Title :
A novel approach to sequence-of-documents focused text categorization using the concept of a degree of fuzzy set subsethood
Author :
Sławomir Zadrożny;Janusz Kacprzyk;Marek Gajewski
Author_Institution :
Systems Research Institute, Polish Academy of Sciences, ul. Newelska 6, 01-447 Warszawa, Poland
Abstract :
This work is meant as a step towards developing an effective and efficient procedure for a special type of the text categorization problem. A set of documents and a set of their categories are assumed. However, in addition to being assigned to a specific category, each document belongs to a certain sequence of documents, referred to as a case, comprising of documents from the same class. The problem considered is how to classify a document to a proper sequence of documents, or case, within a specified category. If each case is treated as a separate category, then the potential training datasets are rather small. We propose an algorithm which is based on a combination of two indicators characterizing a document to be classified: one reflecting its similarity to a case and one reflecting its similarity to a category. These indicators are based on the measure of subsethood of fuzzy sets.
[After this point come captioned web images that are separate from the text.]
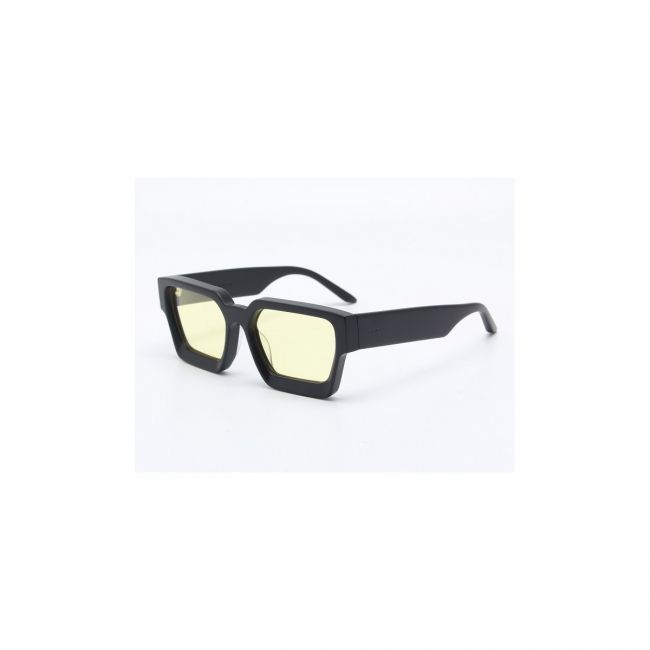 Occhiali da sole donna Versace 0VE4392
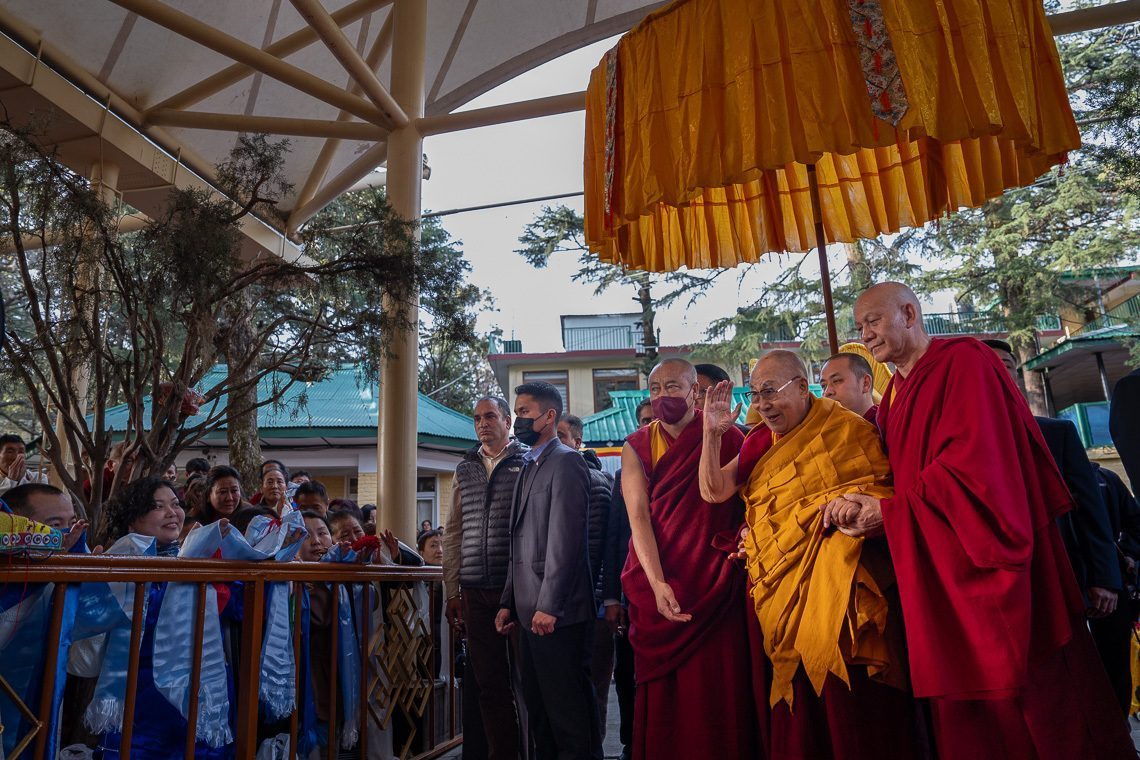 2023 04 05 Dharamsala G 07 Dha6840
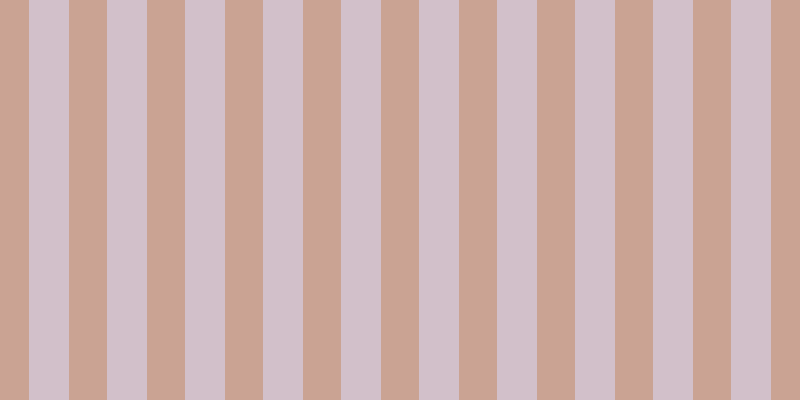 #4e072d (25%), #caa393 vertical lines, thirty-eight pixels wide, forty pixels apart
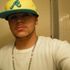 Milton Caraballo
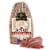 Boar’s Head Uncured Capocollo Perspective: front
We study the effectiveness of the proposed algorithm for various combinations of weights of both indicators and subsethood measures employed.
Keywords :
"Text categorization","Hidden Markov models","Training","Weight measurement","Pragmatics","Fuzzy sets","Standards"
Conference_Titel :
Fuzzy Information Processing Society (NAFIPS) held jointly with 2015 5th World Conference on Soft Computing (WConSC), 2015 Annual Conference of the North American
DOI :
10.1109/NAFIPS-WConSC.2015.7284173